Guassian Derivatives with orientations

Question

I am reading the paper Selective Search for Object Recognition here. In Section 3.2, they give a similarity measure between two regions of an image based on the texture of the regions with what they refer to as "fast SIFT-like measurements". On page 4, bottom right side of the page, they write:

We take Gaussian derivatives in eight orientations using

$\sigma = 1$ for each colour channel. For each orientation for each colour channel we extract a histogram using a bin size of $10$.
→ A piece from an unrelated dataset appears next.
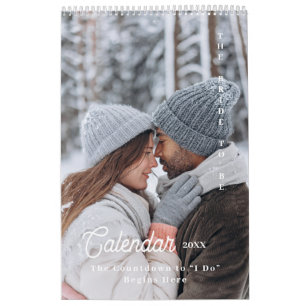 Calendrier de compte à rebours personnalisé Mariée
I understand that a derivative of Gaussian filter is the filter of size $n \times n$ consisting of a discrete approximation of the derivative of a bivariate gaussian function of mean $0$ with some standard deviation.

What do the authors mean by "with eight orientations"? Is this some kind of modification to the filter? Any insights appreciated.

Answer 1

Based on Schuyler Smith's presentation on the paper, I think they calculated signed Gaussian derivative "gradients" at 4 orientations 0°, 45°, 90°, 135°, and then got from that 8 unsigned gradients at orientations 0°, 45°, 90°, 135°, 180°, 225°, 270°, 315°.

If you have gradients $\frac{\partial}{\partial x}$ and $\frac{\partial}{\partial y}$ along coordinates $x$ and $y$ at orientations 0° and 90° (so that they are orthogonal, that is, perpendicular), you can calculate the gradient $\frac{\partial}{\partial x_\phi}$ with respect to a coordinate $x_\phi$ at any given orientation $\phi$ by:

$$\frac{\partial}{\partial x_\phi} = \cos(\phi)\frac{\partial}{\partial x} + \sin(\phi)\frac{\partial}{\partial y}.\tag{1}$$

The same way you can get the output of a Gaussian derivative filter at any orientation by taking a $\cos(\phi)$ and $\sin(\phi)$ weighted sum of the outputs of the $x$ and $y$ coordinate orientation Gaussian derivative filters.